2025, Nov 13 07:00
Stop Flask-SocketIO Redis Pub/Sub from stalling: switch from eventlet to gevent and use the built-in message queue
Fix silent stalls in Flask-SocketIO consuming Redis Pub/Sub: drop eventlet, switch to gevent, and use the Socket.IO Redis message queue for reliable WebSockets.
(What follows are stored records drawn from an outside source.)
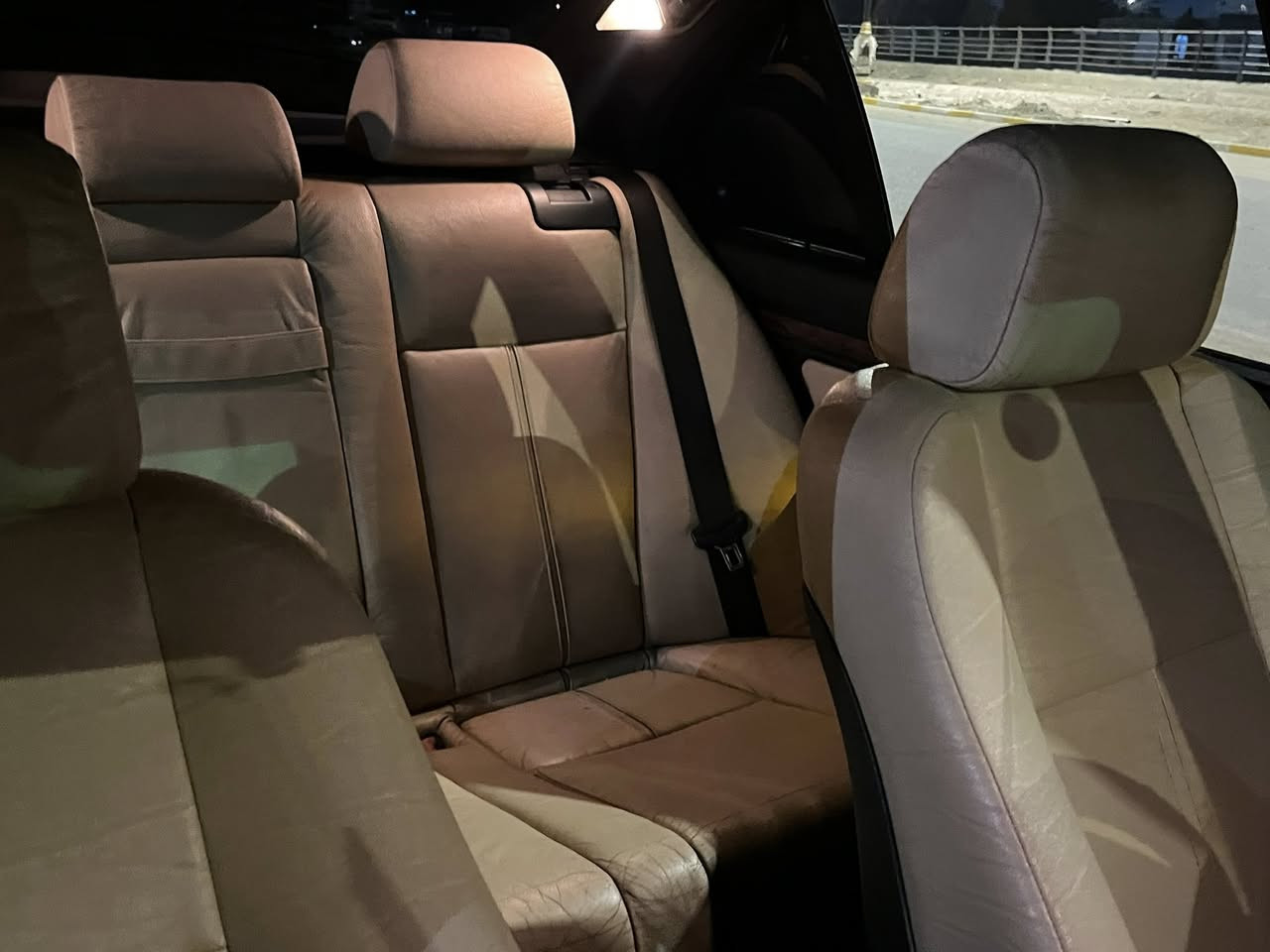 صقر  528
موديل. 2000
رقم اربيل دولي 
كفاله من اي ضربه 
السعر ١١٠ 
عنوان الدوانيه 
***********
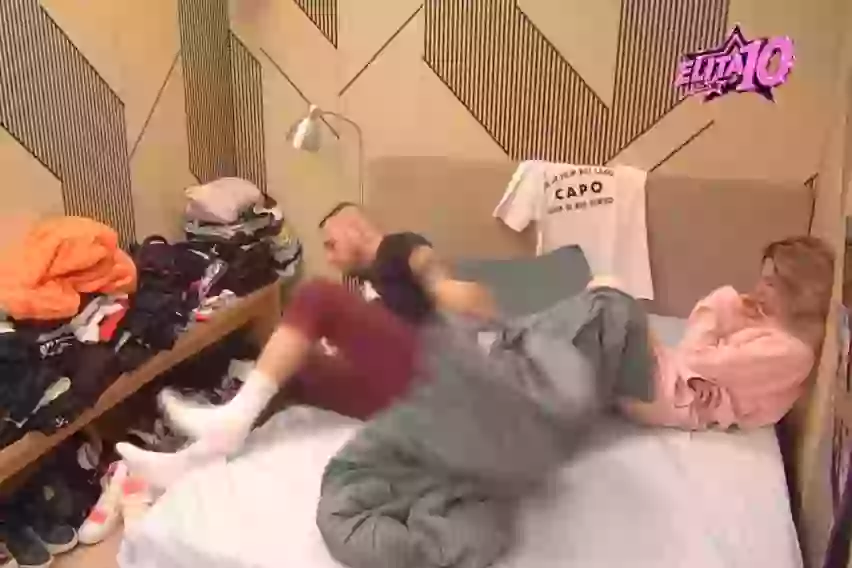CAR UNAKAZIO ANELI U KREVETU: Briznula u plač, on je šutnuo kao poslednju krpu! (VIDEO)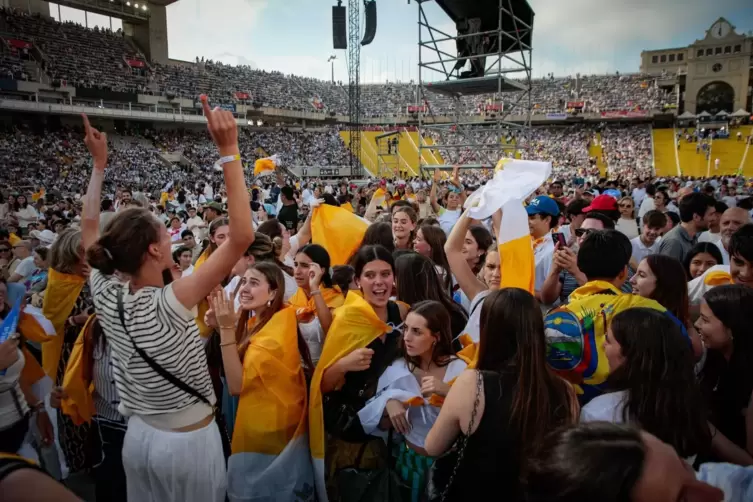 Papst Leo XIV. besucht Spanien - Olympiastadion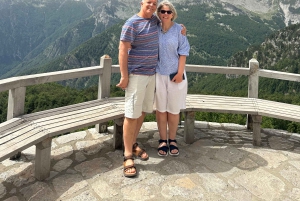 Fuoristrada al villaggio di Theth: tour in SUV via Tirana, Bogë e le Alpi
When a Flask-SocketIO app must both serve WebSocket clients and consume Redis Pub/Sub, it’s tempting to spin up a background task that loops over pubsub.listen(). That approach can appear fine in early tests, but under load or over time the listener may silently stall. The example below illustrates such a setup that ran on Gunicorn with a single eventlet worker and eventually stopped consuming messages without errors. The resolution was to move away from eventlet and delegate cross-process signaling to Flask-SocketIO’s Redis message queue integration.
Problem setup
The server ran Flask-SocketIO over WebSockets and also needed to react to Redis Pub/Sub events coming from another pod. The initial design attached a background task to Socket.IO that opened a Redis pubsub and dispatched messages into websocket services.
# extensions.py
from flask_socketio import SocketIO
ws_node = SocketIO(
logger=False,
engineio_logger=False,
path='/socket.io',
cors_allowed_origins='*',
async_mode='eventlet',
ping_timeout=10,
ping_interval=60,
)
# redis_bridge.py
from pydantic import TypeAdapter
class RedisLink:
def __init__(self):
...
def consume_stream(self):
while True:
try:
ps = self.redis.pubsub()
ps.subscribe(self.websocket_channel)
try:
for raw in ps.listen():
try:
evt = TypeAdapter(RedisEnvelopeMessage).validate_python(raw)
self.logger.debug(f"Received from REDIS: {raw}")
if evt.type == 'message':
payload = evt.data
self.logger.debug(f"Received message from REDIS: {payload}")
with self.app.app_context():
svc = self.app.extensions.get(payload.module, "RedisWS").ws_services.get(payload.company_id)
if payload.message is not None:
if isinstance(payload.message, list):
getattr(svc, payload.method)(*payload.message)
elif isinstance(payload.message, dict):
getattr(svc, payload.method)(payload.message)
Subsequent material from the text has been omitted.